Restate word for word the lines in the listing below, starting at the line containing "10 intersection of brock roadditch road" and ending at the line containing "بس راح نقول اللي عندنا وتحملونااا..", both included; leave out the rest.
(Beginning of SUPPLIED DATA)
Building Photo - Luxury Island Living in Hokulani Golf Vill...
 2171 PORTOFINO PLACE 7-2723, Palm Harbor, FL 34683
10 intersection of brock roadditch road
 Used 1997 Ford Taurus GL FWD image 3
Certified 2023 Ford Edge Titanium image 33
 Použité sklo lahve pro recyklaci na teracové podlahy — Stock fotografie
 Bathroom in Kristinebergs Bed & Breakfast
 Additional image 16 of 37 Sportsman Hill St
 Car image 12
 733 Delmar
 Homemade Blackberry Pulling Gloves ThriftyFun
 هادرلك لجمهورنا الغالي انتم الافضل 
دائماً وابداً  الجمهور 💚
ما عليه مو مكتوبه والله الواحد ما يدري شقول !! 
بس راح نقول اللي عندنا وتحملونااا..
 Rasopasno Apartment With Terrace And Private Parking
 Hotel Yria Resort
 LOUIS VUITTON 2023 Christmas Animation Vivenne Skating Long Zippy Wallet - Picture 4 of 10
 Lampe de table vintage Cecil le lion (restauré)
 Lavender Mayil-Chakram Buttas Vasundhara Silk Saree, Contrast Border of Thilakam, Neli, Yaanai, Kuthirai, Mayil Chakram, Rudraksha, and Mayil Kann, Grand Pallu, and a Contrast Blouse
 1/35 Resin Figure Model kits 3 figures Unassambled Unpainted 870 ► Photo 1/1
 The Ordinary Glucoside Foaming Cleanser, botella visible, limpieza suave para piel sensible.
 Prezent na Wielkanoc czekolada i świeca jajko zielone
(End of SUPPLIED DATA)
YOUR SOLUTION:
10 intersection of brock roadditch road
 Used 1997 Ford Taurus GL FWD image 3
Certified 2023 Ford Edge Titanium image 33
 Použité sklo lahve pro recyklaci na teracové podlahy — Stock fotografie
 Bathroom in Kristinebergs Bed & Breakfast
 Additional image 16 of 37 Sportsman Hill St
 Car image 12
 733 Delmar
 Homemade Blackberry Pulling Gloves ThriftyFun
 هادرلك لجمهورنا الغالي انتم الافضل 
دائماً وابداً  الجمهور 💚
ما عليه مو مكتوبه والله الواحد ما يدري شقول !! 
بس راح نقول اللي عندنا وتحملونااا..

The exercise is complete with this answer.